Adsorption/Oxidation of CH3OH on V2O5. A Theoretical and Experimental Study

Abstract

The adsorption/oxidation of CH3OH on V2O5 was studied in previous work by mass spectrometric analysis of the reaction atmosphere, and by measuring the electrical properties (Hall effect) and total pressure of the system. Such data allowed a reaction pathway to be proposed. In the present work, the variations in the surface oxidation number have been calculated via balances in the C and H atoms in the reaction atmosphere and models of the (010) plane of V2O5 and of CH3OH have also been utilized to find energetically favourable sites for the adsorption of CH3OH and its subsequent oxidation to H2CO. For this purpose, the variation in the total energy of the system was computed by Extended Hückel-type calculations (ASED, Atom Superposition and Electron Delocalization). From such experimental results, it was deduced that the H atoms are removed by the network oxygens and that methanol is adsorbed as the methoxy group.
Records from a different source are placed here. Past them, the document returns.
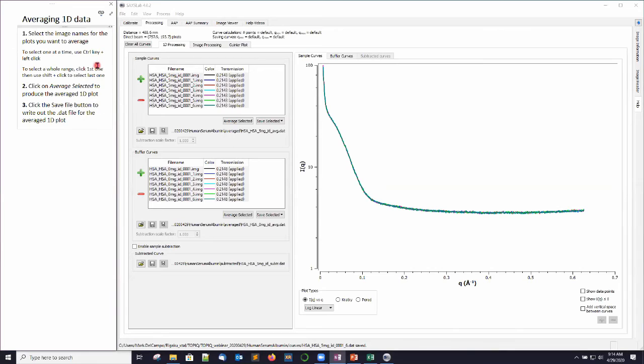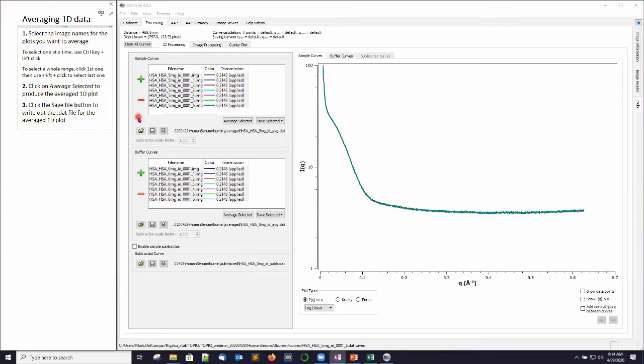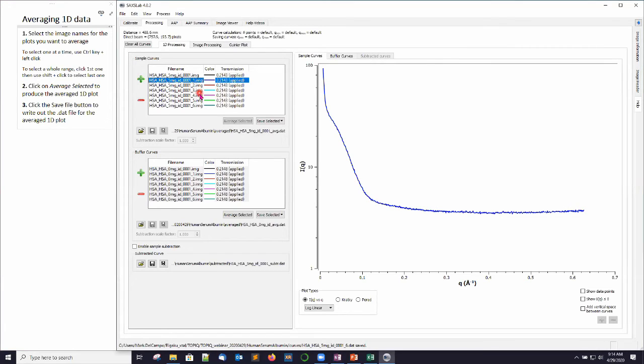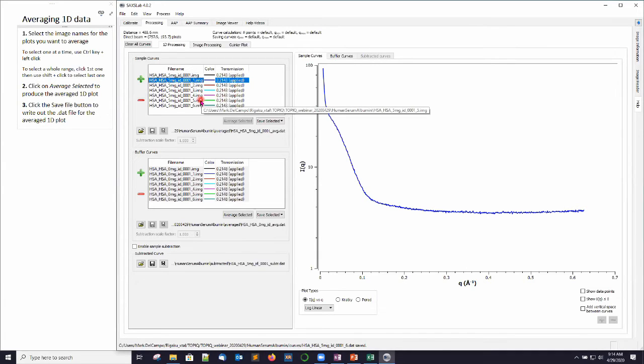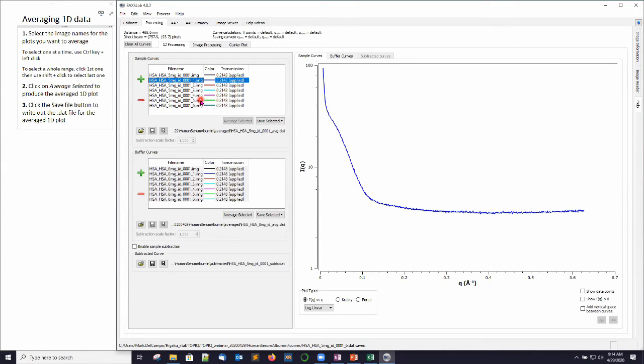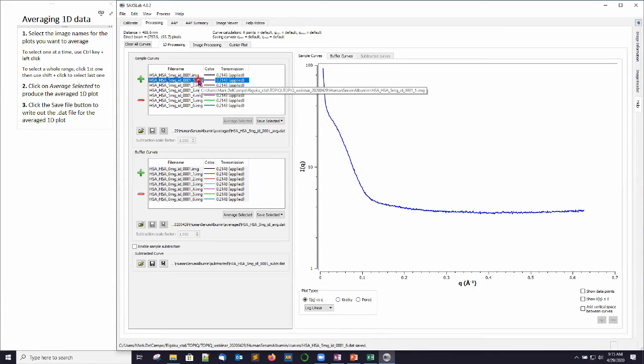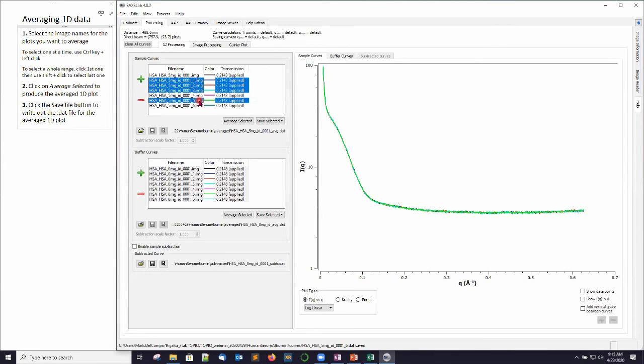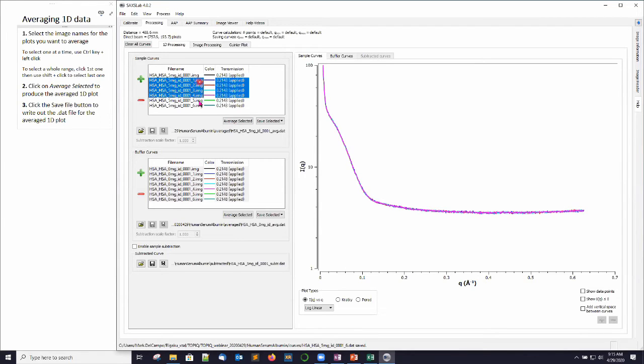So averaging the 1D data. In the event that you do see these changes, either an air bubble comes in at some point, or you have some aggregation happening, usually that happens at some stage during the total exposure, and you may want to average some images. So for example, let's just say for this 5 mg per ml protein sample, images 1, 2, 3, and 4 were fine, and then once we got image 5, we started seeing signs of aggregation. So one approach would be to do some averaging of the images before this bad thing happened during your exposure. So to do that in SAXSLab, what you want to do is select the images you'd like to average. So you can use the control key with your left mouse click to select images one at a time, or you can select the first one and use the shift key to select all subsequent ones.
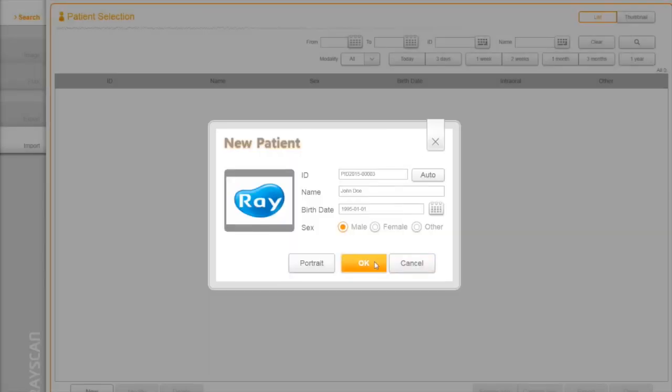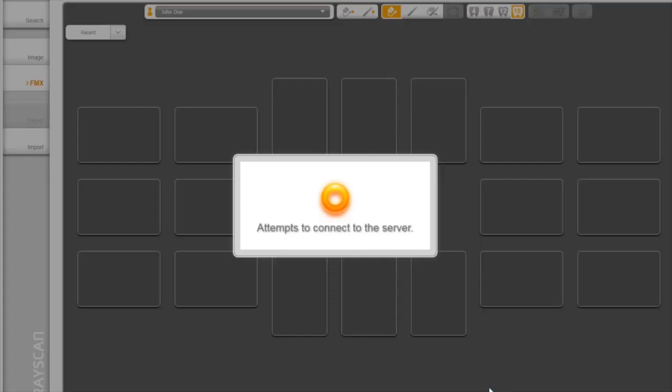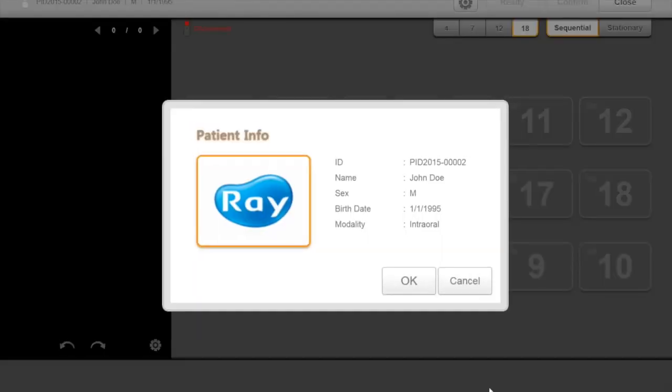Once the sensor acquisition is selected, the window will be switched to the acquisition view. You can also export and import patients' images in RIO view, and it will be covered later at the end.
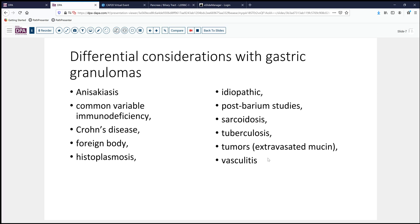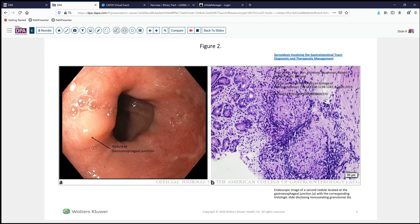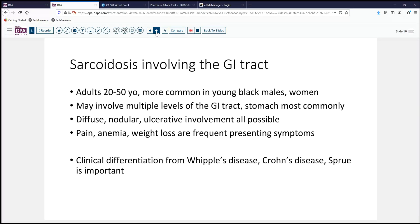Also on the differential are sarcoidosis, tuberculosis, vasculitis, and neoplasia if granulomas contain mucin. For a generalized picture, we'd consider common variable immunodeficiency, Crohn's disease, sarcoid, and tuberculosis. Vasculitis is less likely as we didn't see supporting changes. Further workup disclosed gastric ulcerations, and a nodule at the GE junction — characteristic tight granulomas as seen especially in early sarcoidosis. Our patient does have sarcoidosis, confirmed by elevated calcium and elevated angiotensin-converting enzyme levels.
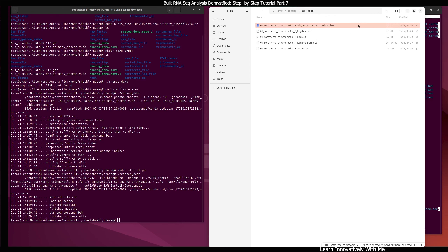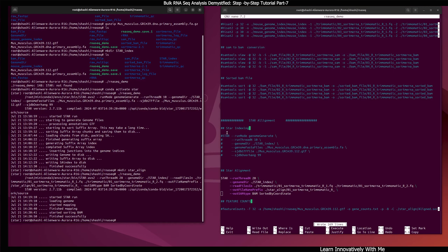We will use this BAM file — binary alignment map — in further analysis processes like featureCounts or HTSeq-count. In this way I have shown you how to perform indexing and alignment using STAR. This is a very important alignment tool. If you are using other alignment tools, please also check your alignment using STAR — you will definitely get better results. In the next tutorial I will show you how to count your genes using featureCounts and HTSeq-count from files generated by STAR, and also from HISAT2. Thank you for watching — if you like the video, please subscribe to my channel.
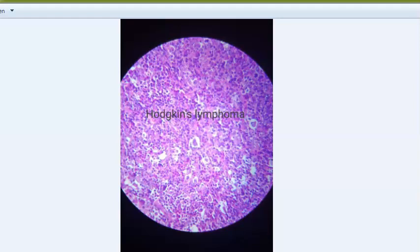Other cells you will see include lymphocytes, eosinophils, histiocytes, granulocytes, plasma cells, neutrophils, and classic Reed-Sternberg cells. The subtypes of Hodgkin's lymphoma include nodular sclerosis, mixed cellularity, lymphocyte rich, and lymphocyte depletion.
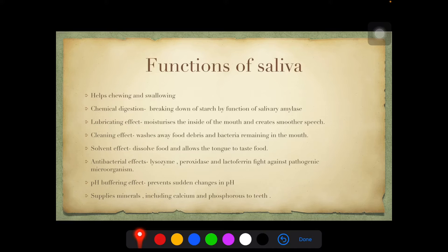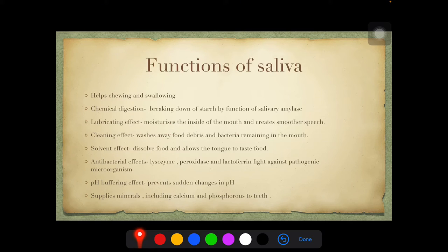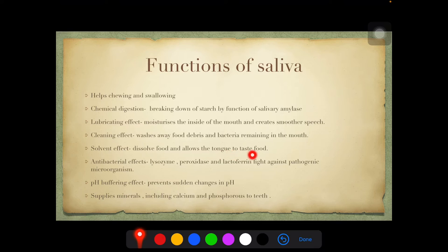Functions of saliva include: helping in chewing and swallowing of food; chemical digestion through salivary amylase for breakdown of starch; a lubricating effect by moisturizing the inner layer of the mouth, creating a conducive environment for smoother speech; a cleaning effect that washes away food debris and bacteria remaining in the mouth after meals; and a solvent effect as it dissolves food and allows the tongue to taste it.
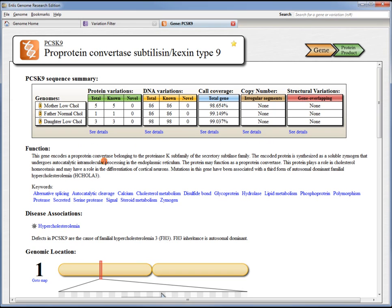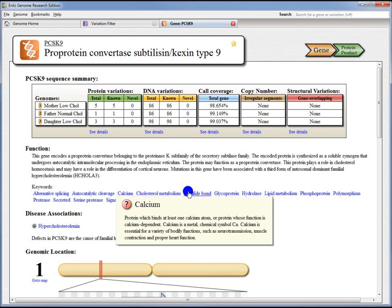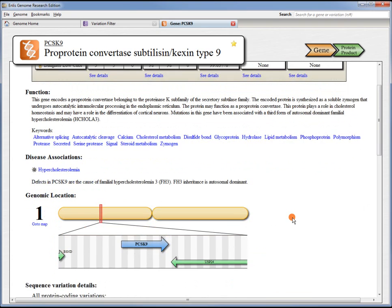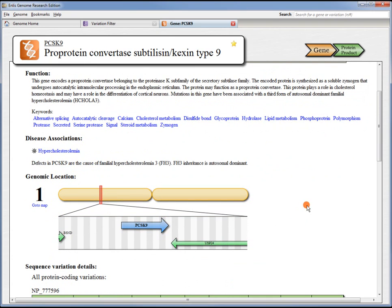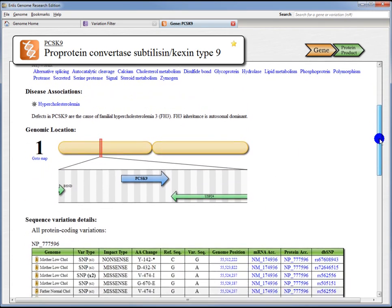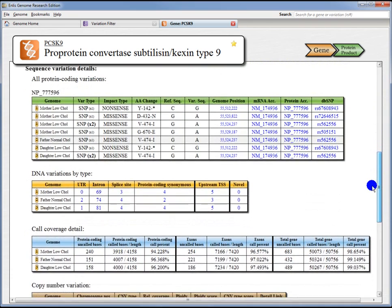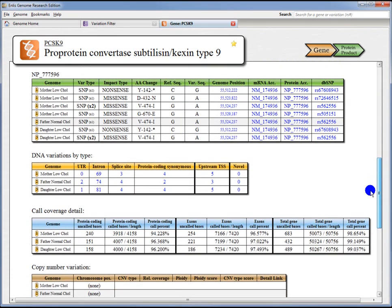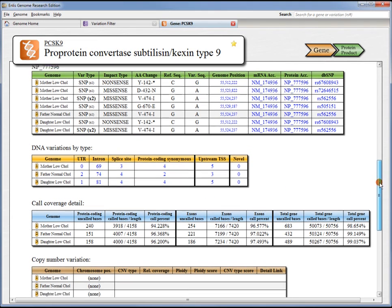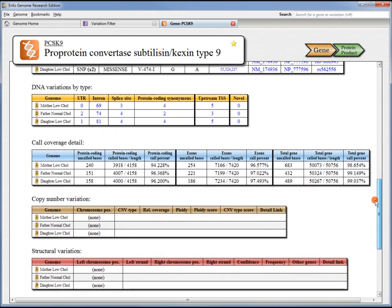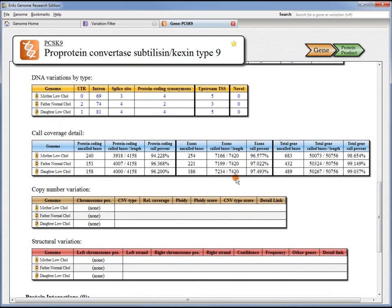We can read about its functional description, get keywords with definitions, any disease associations with this gene are noted, and we can get a broad overview map of where this is in the genome. As we go down further on the page, we start to get into some of those details. We can see the specific amino acid changes that occur. We can see the types of DNA variation, UTR or intron, and have links to go directly to those lists. We get call coverage details broken down by protein coding bases only, or exons, or the total gene.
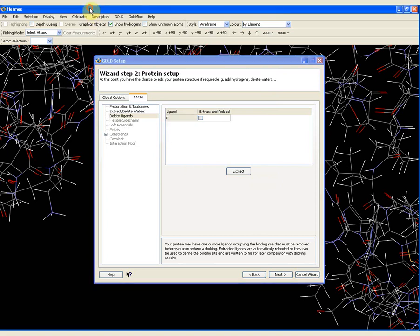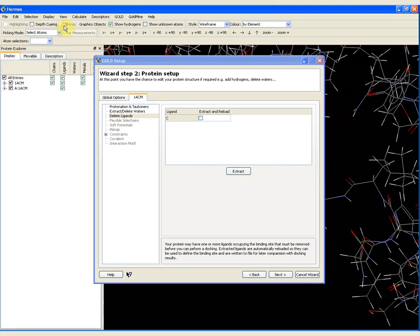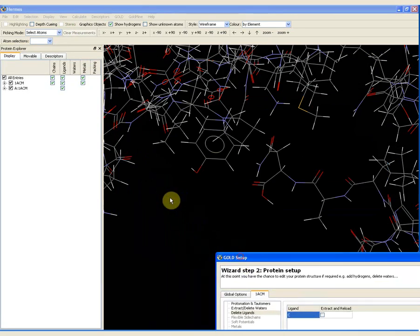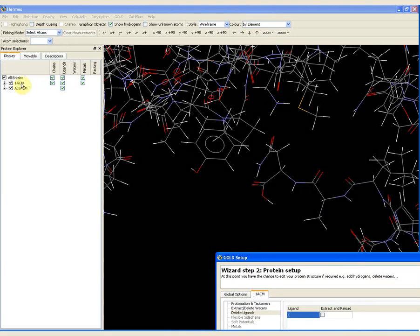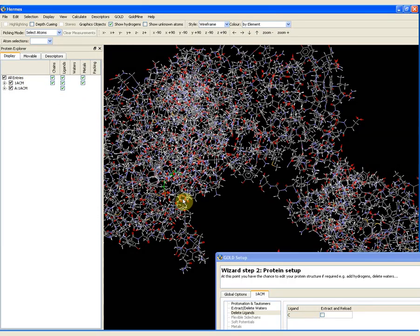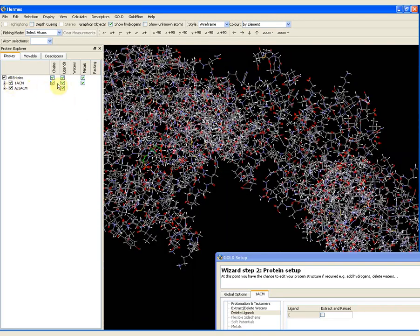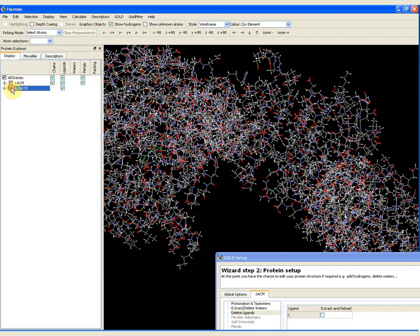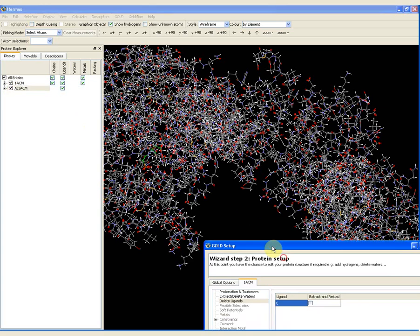Now, briefly going back to Hermes itself. If I click on View Protein Explorer, this turns on the Protein Explorer in Hermes, which allows me to look at the whole protein in greater detail. The protein file we loaded contains some chains, some ligands and some water molecules. If I untick the box, you can see that the whole thing goes away. And A1acm — this is the ligand that was added when I extracted and reloaded it. Using the tick box, you can see it is just the ligand.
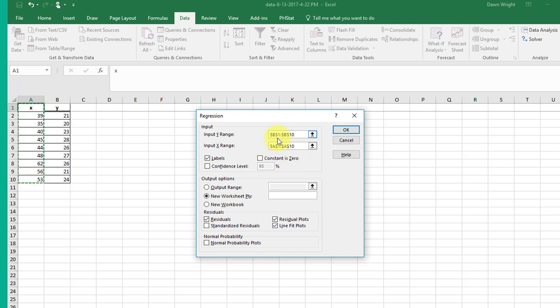I double-check to make sure they're the same. We've got to have 10 values in the response variable and 10 values for the predictor variable. If you accidentally don't highlight the same number of cells, it won't work. We want to click Labels since I do have a label in the first row.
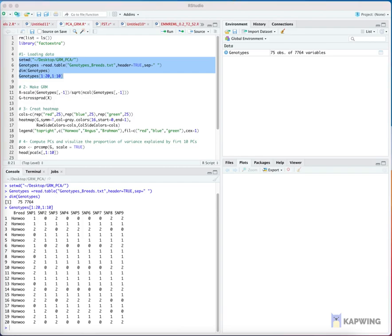Step 3: Compute the simplest form of genomic relationship matrix (GRM). The GRM is the covariance matrix calculated from the SNP information of the individuals, specifically from the minor allele counts.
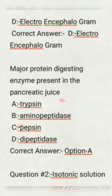Next question: major protein-digesting enzyme present in the pancreatic juice — options are: trypsin, aminopeptidase, pepsin, dipeptidase. Correct answer: option A, trypsin.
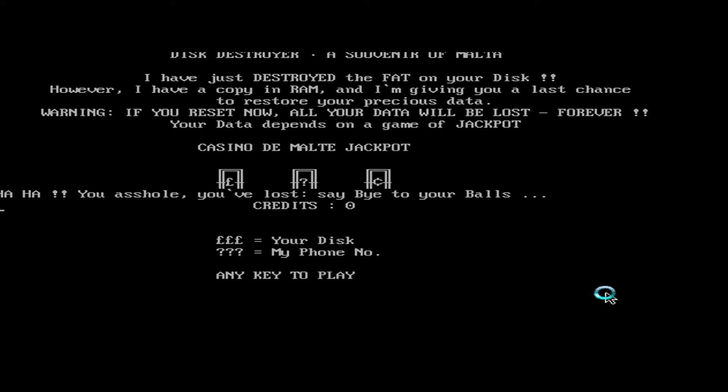So all you have to do is restart. And that's about it for the casino virus.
Such removal of H atoms has two consequences: high surface hydroxylation and surface reduction [V(5+) → V(4+)]. In support of these suggestions, the theoretical results have confirmed both the removal of H atoms and methoxy group formation, and have also revealed two possible adsorption sites for CH3OH on V2O5: the terminal oxygens (V=O) and the network bridging oxygens (V-O-V).